## PROMPT:
Pictures aside, every line of the listing should be given again exactly.

===== SOURCE DATA

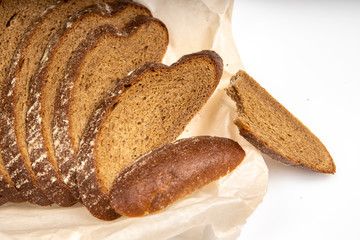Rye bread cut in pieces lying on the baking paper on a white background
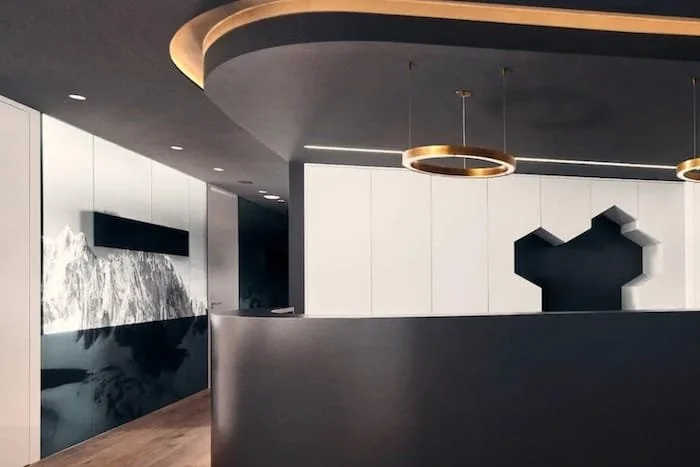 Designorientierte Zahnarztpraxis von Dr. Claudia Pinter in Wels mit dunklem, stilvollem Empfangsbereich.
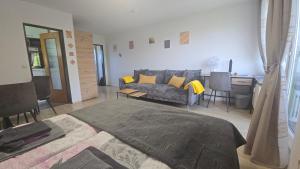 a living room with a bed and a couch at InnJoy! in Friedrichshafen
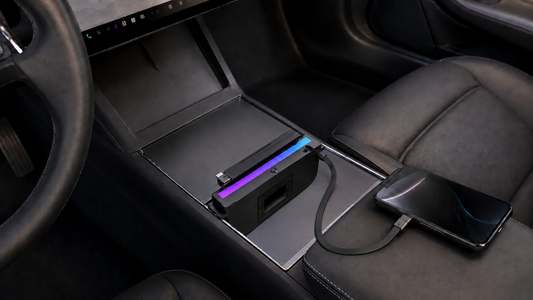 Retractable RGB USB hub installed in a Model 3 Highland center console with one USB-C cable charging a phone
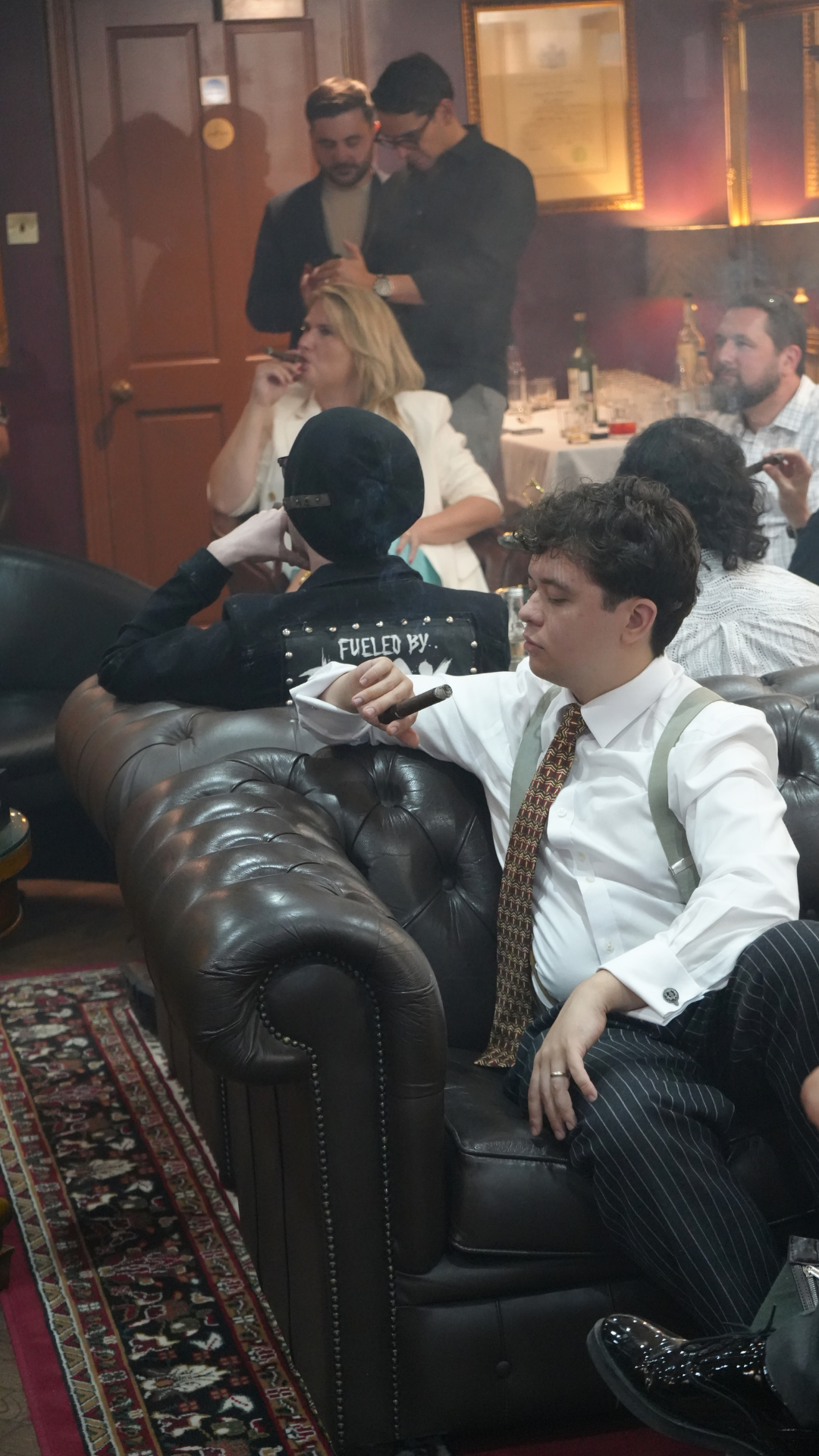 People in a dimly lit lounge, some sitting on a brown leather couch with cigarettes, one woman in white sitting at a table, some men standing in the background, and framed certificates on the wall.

==========

## ANSWER SECTION:
Rye bread cut in pieces lying on the baking paper on a white background
 Designorientierte Zahnarztpraxis von Dr. Claudia Pinter in Wels mit dunklem, stilvollem Empfangsbereich.
 a living room with a bed and a couch at InnJoy! in Friedrichshafen
 Retractable RGB USB hub installed in a Model 3 Highland center console with one USB-C cable charging a phone
 People in a dimly lit lounge, some sitting on a brown leather couch with cigarettes, one woman in white sitting at a table, some men standing in the background, and framed certificates on the wall.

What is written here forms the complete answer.